Au milieu des problèmes, des déceptions et des espoirs, des abandons et des
retours que connaît notre époque, l'Eglise demeure fidèle au mystère de sa
naissance. Si c'est un fait historique que l'Eglise est sortie du Cénacle
le jour de la Pentecôte, on peut dire qu'en un sens elle ne l'a jamais quitté.
Spirituellement, l'événement de la Pentecôte n'appartient pas seulement au
passé: l'Eglise est toujours au Cénacle, qui reste présent dans son cœur.
L'Eglise persévère dans la prière, comme les Apôtres, avec Marie,
Mère du Christ, et avec ceux qui, à Jérusalem, constituaient le premier noyau
de la communauté chrétienne et attendaient en priant la venue de l'Esprit
Saint.
L'Eglise
persévère dans la prière avec Marie. Cette union de l'Eglise en prière avec la
Mère du Christ fait partie du mystère de l'Eglise depuis son origine: nous
voyons Marie présente en ce mystère comme elle est présente dans le mystère de
son Fils. Le Concile le dit: «La bienheureuse Vierge..., enveloppée par
l'Esprit Saint..., engendra le Fils, dont Dieu a fait le premier-né parmi
beaucoup de frères (cf.

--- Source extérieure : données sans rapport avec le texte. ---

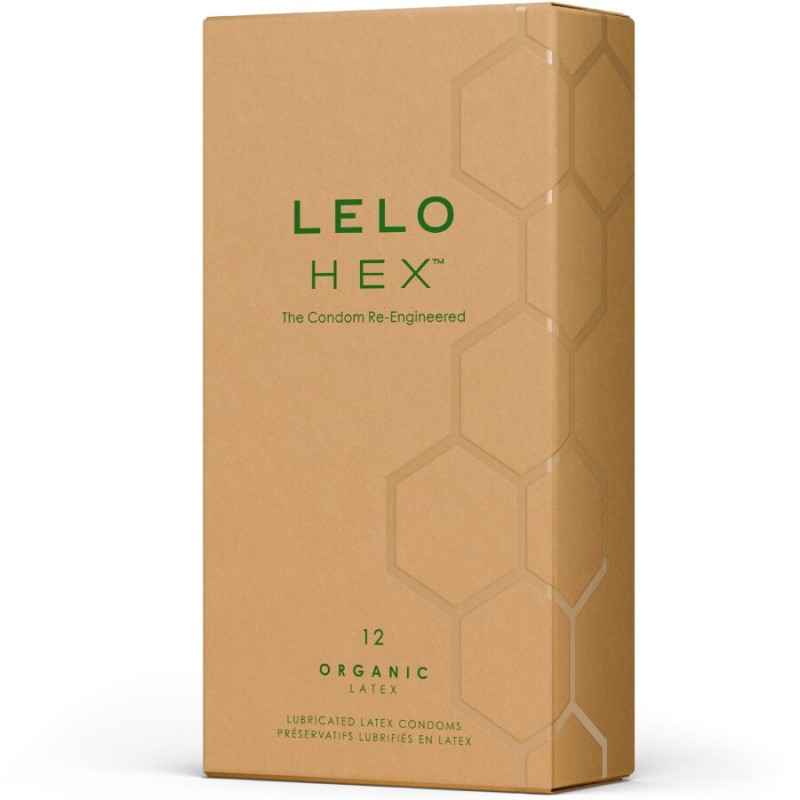 Lelo - hex organic condom box 12 units 8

Rm 8, 29), c'est-à-dire parmi les croyants, à la
naissance et à l'éducation desquels elle apporte la coopération de son amour
maternel»; elle se trouve, «de par les grâces et les fonctions singulières qui
sont les siennes..., en intime union avec l'Eglise: de l'Eglise (elle) est
le modèle...»285. «En contemplant la sainteté mystérieuse de la
Vierge et en imitant sa charité..., l'Eglise devient à son tour une Mère»

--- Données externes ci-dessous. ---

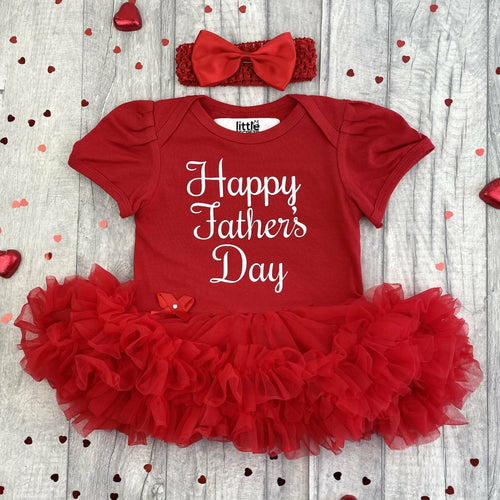 Baby Girl Father's Day Tutu Romper - Little Secrets Clothing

et, «imitant la Mère de son Seigneur, elle conserve par la vertu du
Saint-Esprit, dans leur pureté virginale, une foi intègre, une ferme espérance,
une charité sincére... Elle est aussi vierge, ayant donné à son Epoux sa
foi»286.
On comprend
ainsi le sens profond du motif pour lequel, en union avec la Vierge-Mère,
l'Eglise, comme l'Epouse, se tourne continuellement vers son divin Epoux, ainsi
que l'attestent les paroles de l'Apocalypse citées par le Concile: «L'Esprit
et l'Epouse disent au Seigneur Jésus: Viens!»287. La prière de
l'Eglise est cette invocation incessante dans laquelle «l'Esprit lui-même
intercède pour nous»; en un sens, lui-même prononce la prière avec
l'Eglise et dans l'Eglise. L'Esprit, en effet, est donné à l'Eglise afin
que, par sa puissance, toute la communauté du Peuple de Dieu, dans sa diversité
et ses multiples manifestations, persévère dans l'Espérance, «car notre salut
est objet d'espérance»288. C'est l'espérance eschatologique,
l'espérance de l'accomplissement définitif en Dieu, l'espérance du Règne
éternel, qui se réalise dans la participation à la vie trinitaire. L'Esprit
Saint, donné aux Apôtres comme Paraclet, est le gardien et l'animateur de
cette espérance dans le cœur de l'Eglise.
Dans la
perspective du troisième millénaire après le Christ, tandis que «l'Esprit et
l'Epouse disent au Seigneur Jésus: Viens!», cette prière est chargée, comme
toujours, d'une portée eschatologique destinée à donner aussi sa plénitude de
sens à la célébration du grand Jubilé. C'est une prière tournée vers le salut à
venir, auquel l'Esprit Saint ouvre les cœurs par son action au cours de toute
l'histoire de l'homme sur la terre. En même temps, cependant, cette prière
s'oriente vers une étape précise de l'histoire marquée par l'An 2000, dans
laquelle est mise en relief la «plénitude du temps». L'Eglise désire se préparer
à ce Jubilé dans l'Esprit Saint, de même que c'est l'Esprit Saint qui
prépara la Vierge de Nazareth, en laquelle le Verbe s'est fait chair.